Ecumenism is controversial because some people are rightly concerned that in order to find the common denominator, you have to water down the teachings so much that they become meaningless. I have to admit that while I’d like to say, “We all believe basically the same things, so can’t we just get along?”… it doesn’t actually serve the truth very well to pretend there are no significant theological differences, or to re-define terms so that it sounds like we’re talking about the same things when we are not. I see ecumenism as a meeting place for fellowship and bridge building, and talking respectfully and honestly about differences.
In my adult life, I actually joined the church for a short time, and was able to do so honestly by redefining the terms. Although I explained that openly to the Mission President and got his blessing, I just didn’t end up feeling that my membership had much integrity, so I took my name off the records but remained partially active.
I was really interested to notice during this experience how my Mormon friends dealt with this. What I see going on is a church with a tradition of “One True Church” and “All other creeds an abomination”, clashing with the growing modern sensibility of religious pluralism: “Celebrate Diversity”, “Respect Differences”, “Live and Let Live”, “I’m OK, You’re OK”, “Family of Faiths”, etc. (It may be true that there are lots of early church teachings to support an ecumenical view, but the modern popularity of this view is bringing these teachings out more, I think.)
To be sure, when I took my name off the records, I had my share of visiting teachers pouncing, grilling and tearfully pleading with no real ability to hear what I was saying. However, the majority of my friends blinked away tears, smiled, and wished me well. I was told things like:
“God has a purpose for Buddhists being Buddhists, and it’s not for us to judge what that purpose is or where a person will end up in the end. It’s important to go where the Spirit leads you because God may have a purpose for you somewhere else.”
“You don’t have to be a Mormon, it’s just a question of what blessings you want to enjoy in this life.”
“To Thine Own Self Be True. It’s important.”
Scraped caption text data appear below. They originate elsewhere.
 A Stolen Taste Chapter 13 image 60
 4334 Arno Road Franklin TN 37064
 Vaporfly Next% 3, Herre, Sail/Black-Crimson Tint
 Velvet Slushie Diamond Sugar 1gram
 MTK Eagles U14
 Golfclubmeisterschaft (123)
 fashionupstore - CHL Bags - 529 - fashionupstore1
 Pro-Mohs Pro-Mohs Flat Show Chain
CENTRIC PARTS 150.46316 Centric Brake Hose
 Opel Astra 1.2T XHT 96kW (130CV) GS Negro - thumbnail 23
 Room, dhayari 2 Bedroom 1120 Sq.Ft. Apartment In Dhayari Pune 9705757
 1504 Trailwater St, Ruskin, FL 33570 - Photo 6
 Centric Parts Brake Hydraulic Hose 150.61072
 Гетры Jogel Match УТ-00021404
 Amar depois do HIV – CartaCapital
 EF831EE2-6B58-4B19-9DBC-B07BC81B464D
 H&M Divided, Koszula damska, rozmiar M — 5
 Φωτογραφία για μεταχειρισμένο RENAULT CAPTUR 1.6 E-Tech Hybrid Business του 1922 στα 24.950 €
Another example of a growing ecumenical culture in Mormonism: Even in Relief Society I’ve heard discussions of ‘there are only two churches, that of the Devil and that of the Lord, and all followers of Christ are in the One True Church’. This included clarification by the RS teacher that ‘Yes, you can tell your Catholic and Methodist friends that they are part of the One True Church’. What a surprise to hear that in RS!
In my family of Mormons and Atheists, respect is a big topic. We can treat each other respectfully, but in the end, people still feel disrespected. From my point of view, the Atheists almost by definition probably feel that the Mormons suffer from a delusion. The Mormons almost by definition probably feel that the Atheists are blind to a whole dimension of reality. Even if we refrain from speculation about the reasons for these delusions/blindnesses and speak with respectful words, I think that it is very difficult for either party to feel truly respected by the other because the worldviews themselves imply something about those who do not share it.
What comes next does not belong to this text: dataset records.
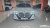 BMW 7-Series 740i xDrive M Sport, 2025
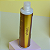Shampoo Umectante 300 ml - umectação intensa com óleo de coco - Viver+ - Imagem 4
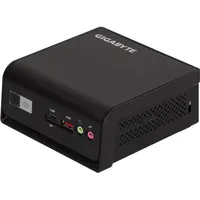 Gigabyte BRIX GB-BTIP-N250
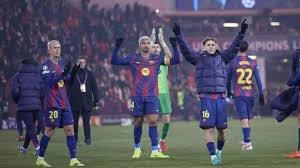 记者：墨西哥老虎大学队有意30岁马竞前锋科雷亚，已进行深入谈判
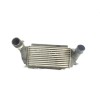 Recambio de intercooler para ford fiesta (ccn) 1.0 ecoboost cat referencia OEM IAM 2013451 C1B19L440AB 
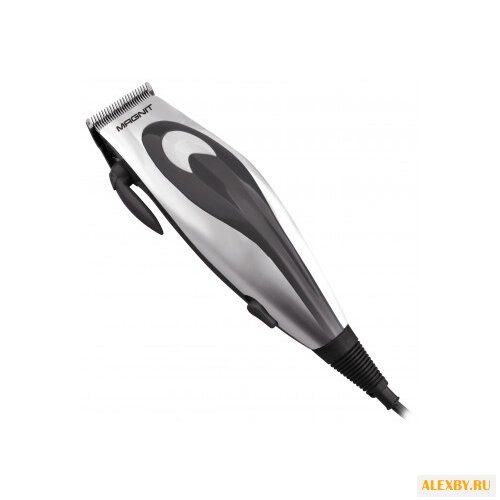 Машинка для стрижки MAGNIT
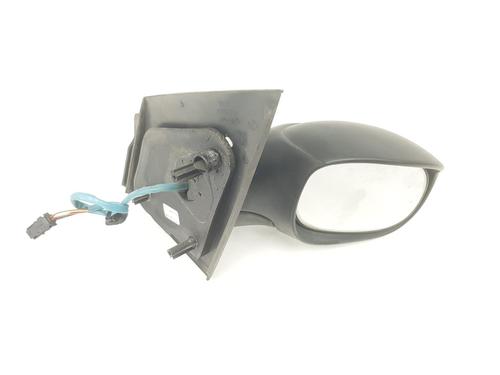 Used Right mirror CITROËN C2 (JM_) 1.1 (60 hp) 17541097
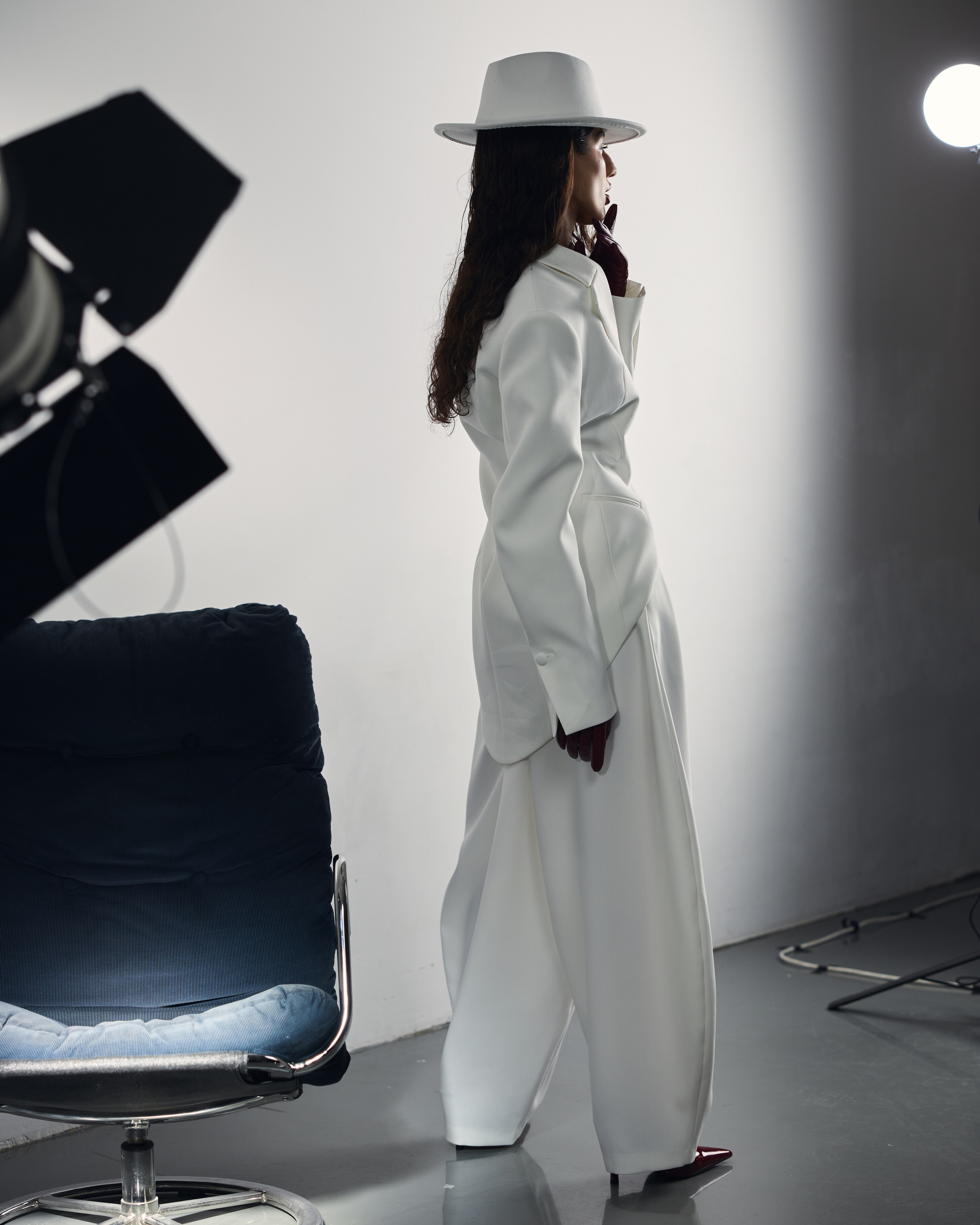 Репортаж. Главная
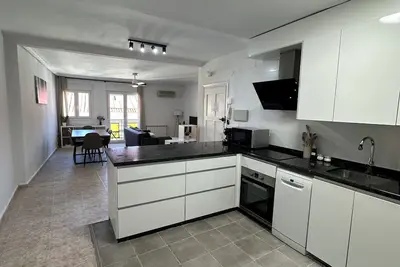 Image de Caceres Historic Center Charming Tourist Apartment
The only solution I can see to the Mormon/Atheist respect issue in my family would be if people were willing to say, “I might be wrong, and who knows, you might be right, and I trust your judgment, but the way reality shows up to me is…” It seems rather hard to ask a Mormon to say “I might be wrong”, because culturally, “sure knowledge” is seen as superior to mere hope and faith.
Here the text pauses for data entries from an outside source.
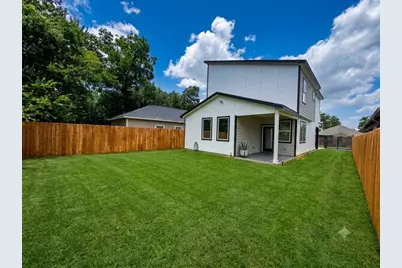 8138 Howton Street, Houston, TX 77028 - Photo 3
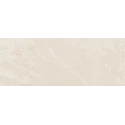 STRADIVARIUS REVEST BANUS BEIGE MATE 45X120 REC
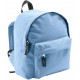 70101 - Kids Rider Backpack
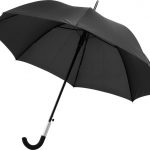 Arch 23'' auto open umbrella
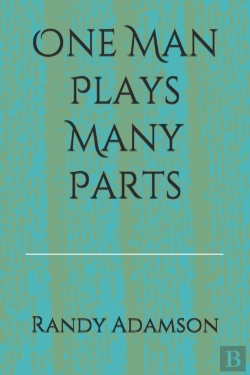 Bertrand.pt - One Man Plays Many Parts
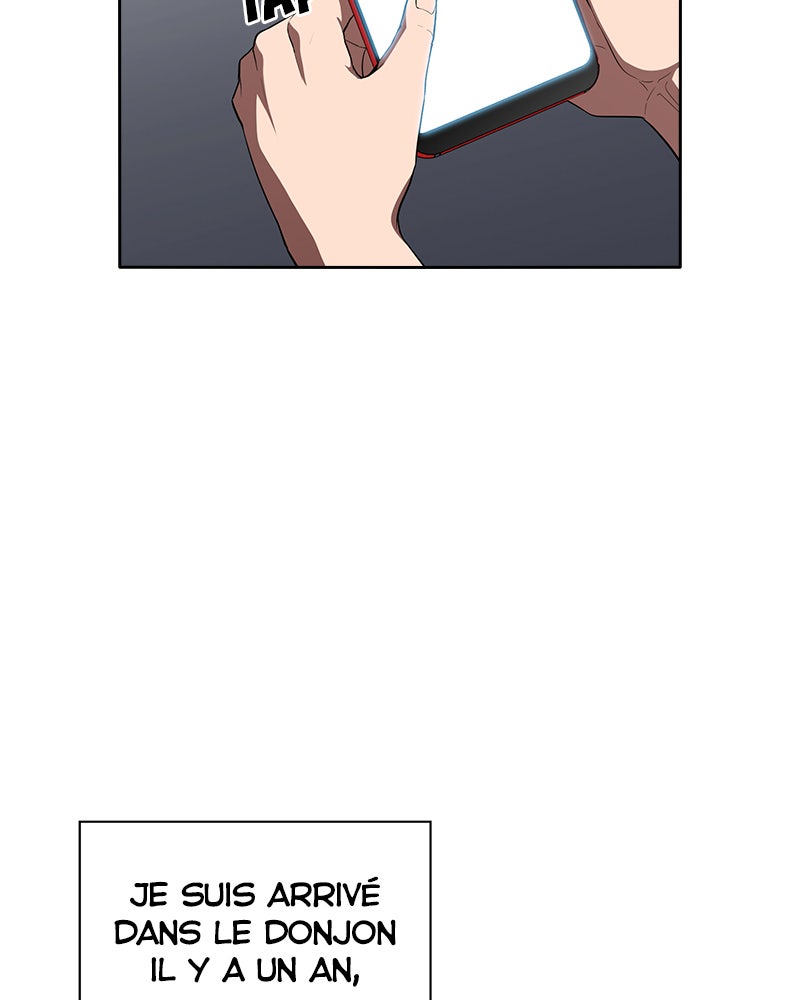 Read L'expert de la Tour Tutoriel FR Manga Online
I’ve noticed that I’m not particularly open to ANY absolute truth, because of what beliefs in absolutes would do to my relationships with people. I try to hold my convictions while avoiding having opinions that involve other people.
The questions I want to throw out there are these:
Do you feel a conflict between “One True Church” and “Celebrate Diversity”? If so, how do you work with or resolve that conflict?
What does it mean to be “respectful” toward others? Does it mean just treating them with respect, and honoring their agency, or does it mean thinking in your heart they are really OK without your worldview?
Does truth loose its meaning and potency if you believe that others are OK without the “truth” that you are in possession of?
What would it mean to be a Mormon who believes “I might be wrong”? Is there scriptural support for such a relationship to truth?